Whatever source you look at you need to ask whether it is credible? Does the author reference where he got the information from? Does it hold together well; ie why does he suggest John is Fred and Mary's son. (I find that there are a lot of individuals who are linked to someone on the other side of the Atlantic with nothing more than a name in common) Fortunately we have good access to many more records than these early writers did. It is often, possible to check their veracity.(I've been doing that with a book that claims a man was Lord of a Manor when he wasn't and that other members of the family were clergy with named dates/places of degrees and clerical positions held but University records don't include them and church records show other men held those positions at the time. )
I had a look at the book you quoted.

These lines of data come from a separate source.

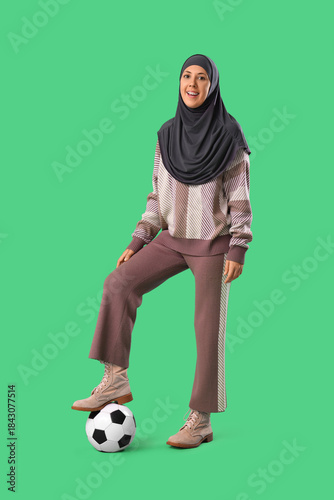 Young beautiful Muslim woma...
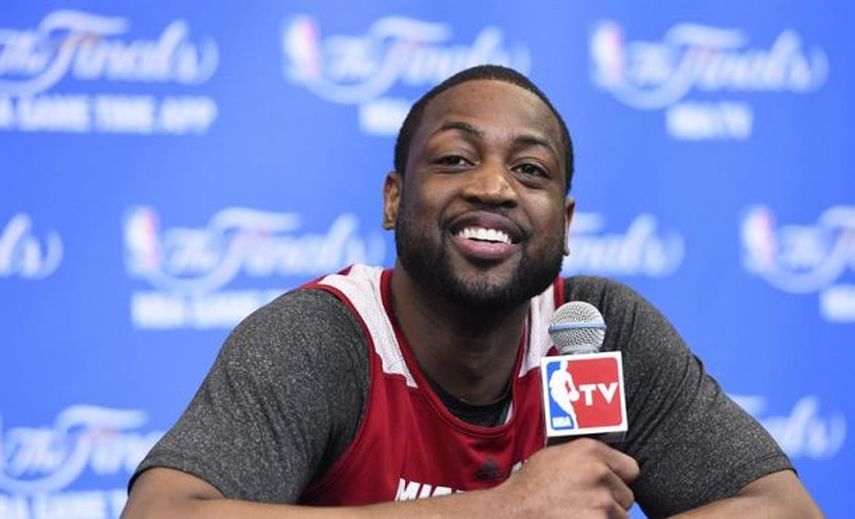 Wade deja Miami y se va con los Bulls; Calderón traspasado a los Lakers
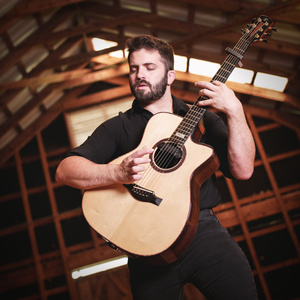 美女换衣裸体❌扒开腿视频
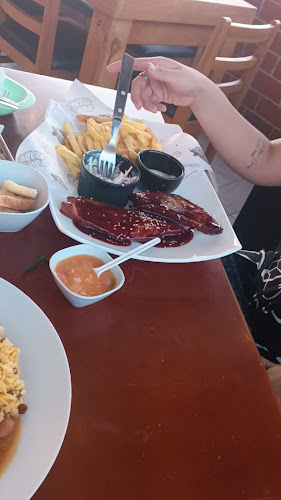 Opiniones de Parrilladas de David en Santa Rosa - Restaurante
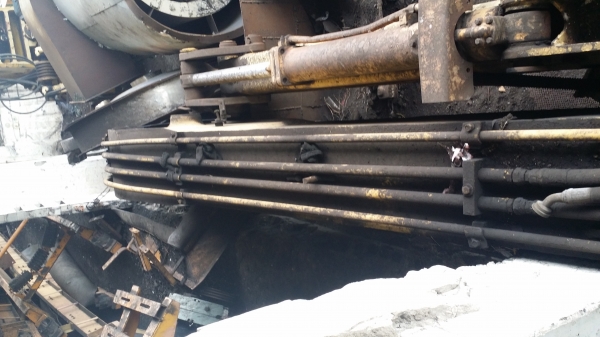 ขายด่วน บูมยาวKOMATSU PC200 -7-8 ราคาถูก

I took the first name of an emigrant to America . This was one James Cade who he said settled in Hingham Massachusetts in 1635. The book says he was baptised in 1611, the son of Chrisopher in Northam, Devon and married a Margaret Browne in Bidford (Bideford), Devon in 1633 with a son Philip born in Northam in 1635.
There aren't any images of these early registers online but there is an index to them (IGI) on family search. All three of these events are indexed (last is a baptism, not birth)

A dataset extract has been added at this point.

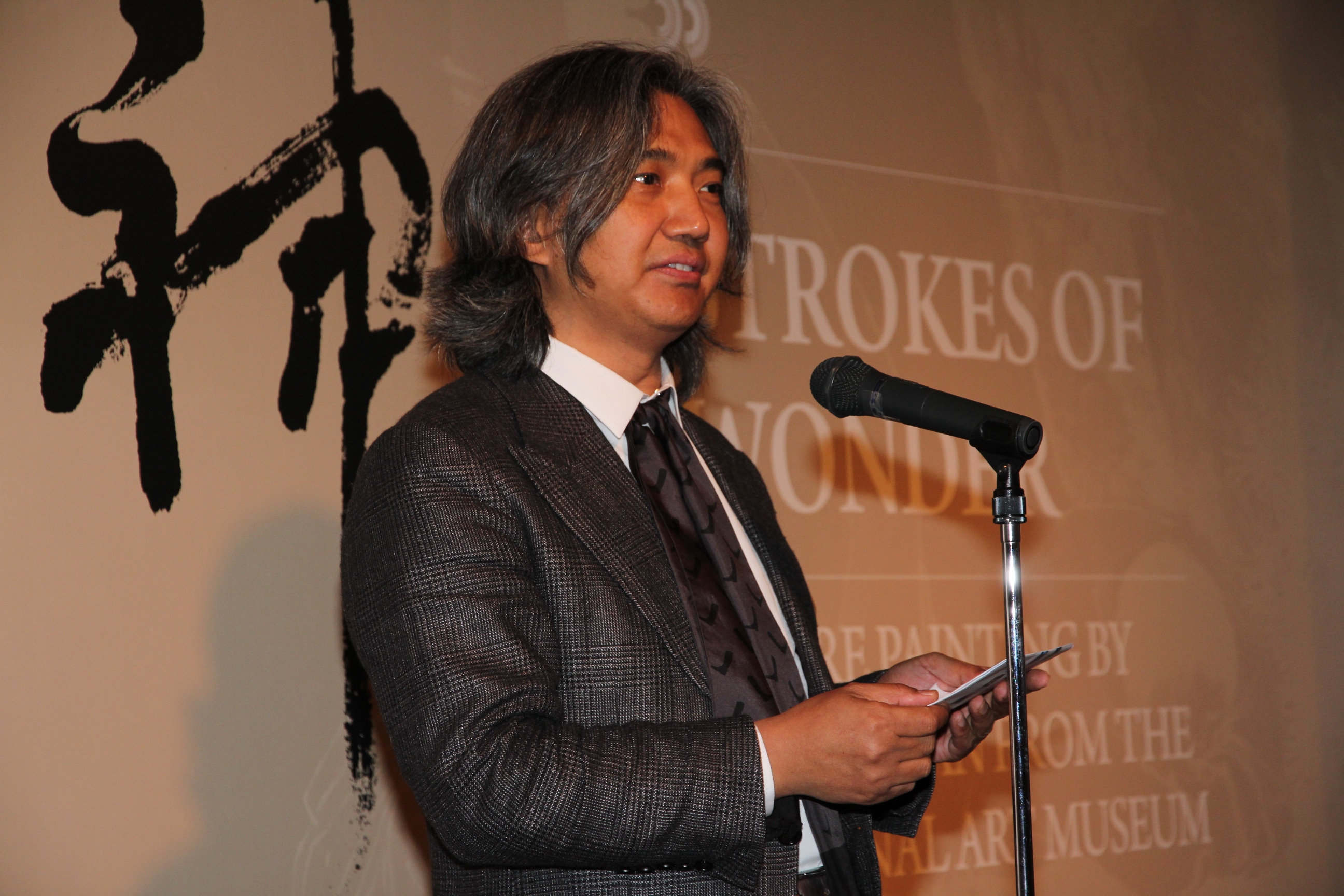 Prof. Wu Weishan, Director of The National Art Museum of China and Doctor of Literature, honoris causa, CUHK delivers a speech.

But I'm always suspicious, how do we know that James Cade of North Devon went to America? The author refers to a mortgage document concerning land in Northam, signed in Boston in 1638, he also says James was a shipwright (this rings true since Bideford is a port and has had a shipbuilding industry) He also references this citing 'The Book of Thomas Lechford' p 42. Google finds this book " Note-book kept by Thomas Lechford, Esq., lawyer : in Boston, Massachusetts Bay, from June 27, 1638 to July 29, 1641'' on the LDS library website . On P42 there is a transcript of the document including far more information than given in the Allen-Palmers Allen's book. This document has a lot of local knowledge (I know that because it names the village I was married in) I would say that there appears to be good evidence (unless the notebook itself is a fabrication) that this James Cade went to the New World in 1635 .
So thumbs up from me for the information given on this James.
That doesn't mean the whole book is credible. If you think that part it is fraudlent, or in error, to use a milder term, then do the same thing as I did; check the information given. The fact that he does reference his work makes this far easier than a lot of books from the era.